__Material to process__:
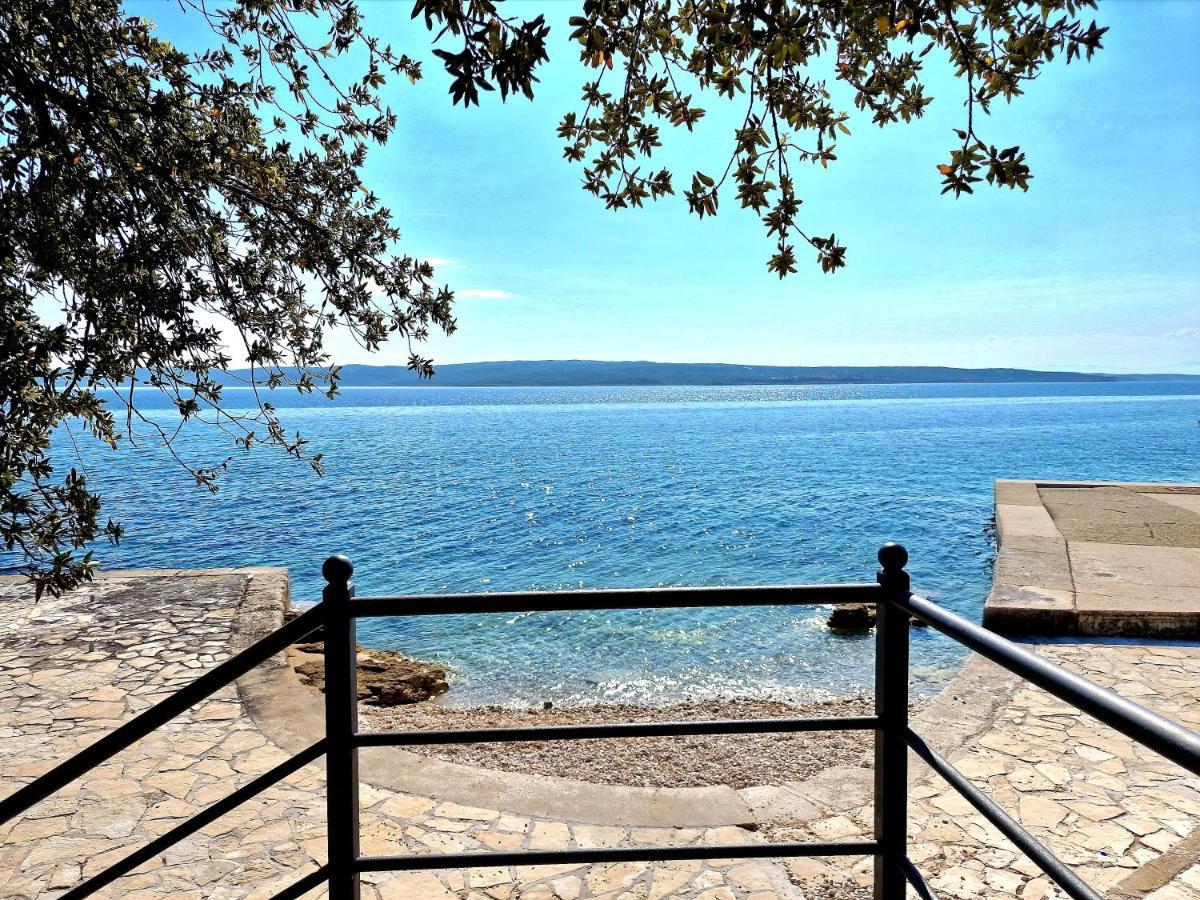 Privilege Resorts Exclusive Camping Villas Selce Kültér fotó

==

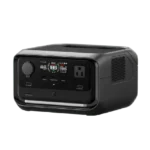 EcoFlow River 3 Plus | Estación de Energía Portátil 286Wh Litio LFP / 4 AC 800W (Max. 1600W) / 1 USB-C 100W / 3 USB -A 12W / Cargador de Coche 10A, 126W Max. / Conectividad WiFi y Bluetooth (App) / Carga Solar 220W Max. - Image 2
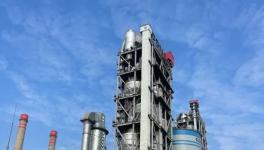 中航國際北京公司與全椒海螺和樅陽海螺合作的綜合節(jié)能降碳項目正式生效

--

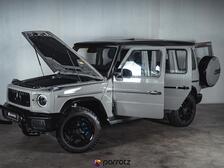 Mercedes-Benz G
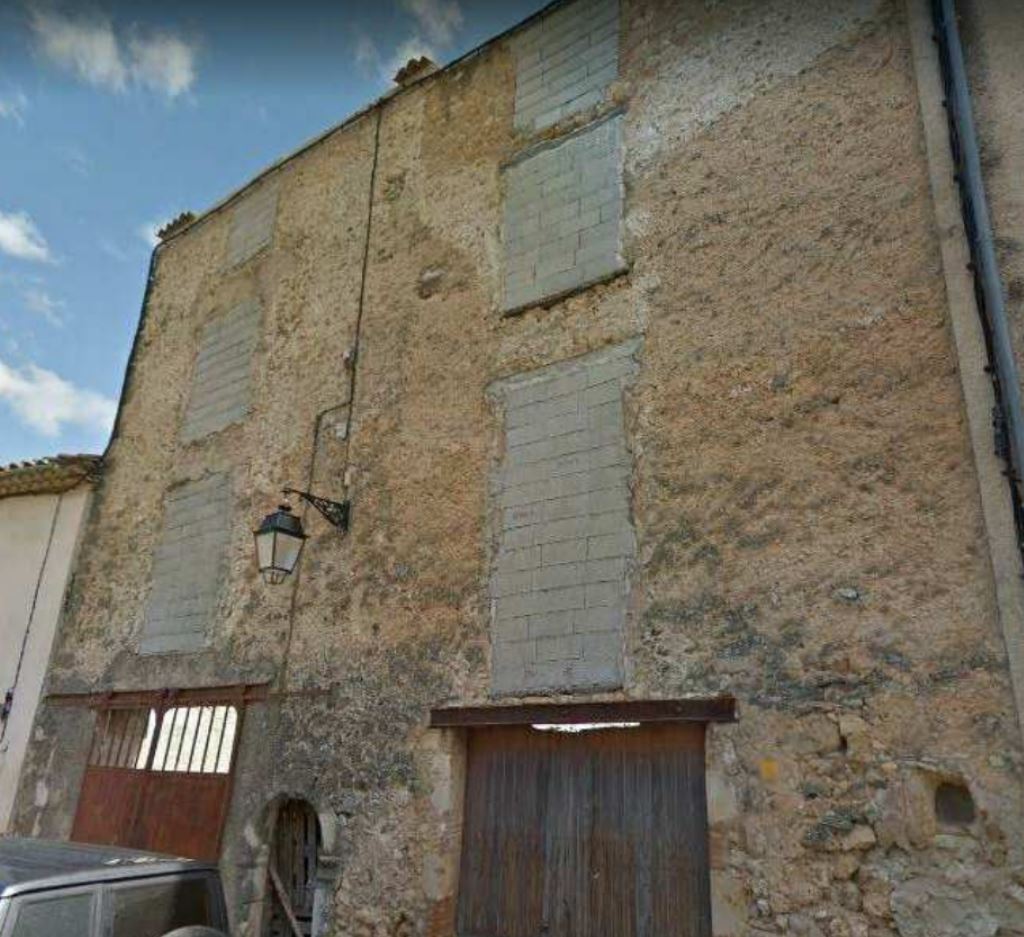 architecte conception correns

__Problem to work on__:
Having found the line with "Mercedes-Benz G" and the line with "architecte conception correns" in the material above, write out exactly those two and every line between, leaving the pictures out.

__Exercise result__:
 Mercedes-Benz G
 architecte conception correns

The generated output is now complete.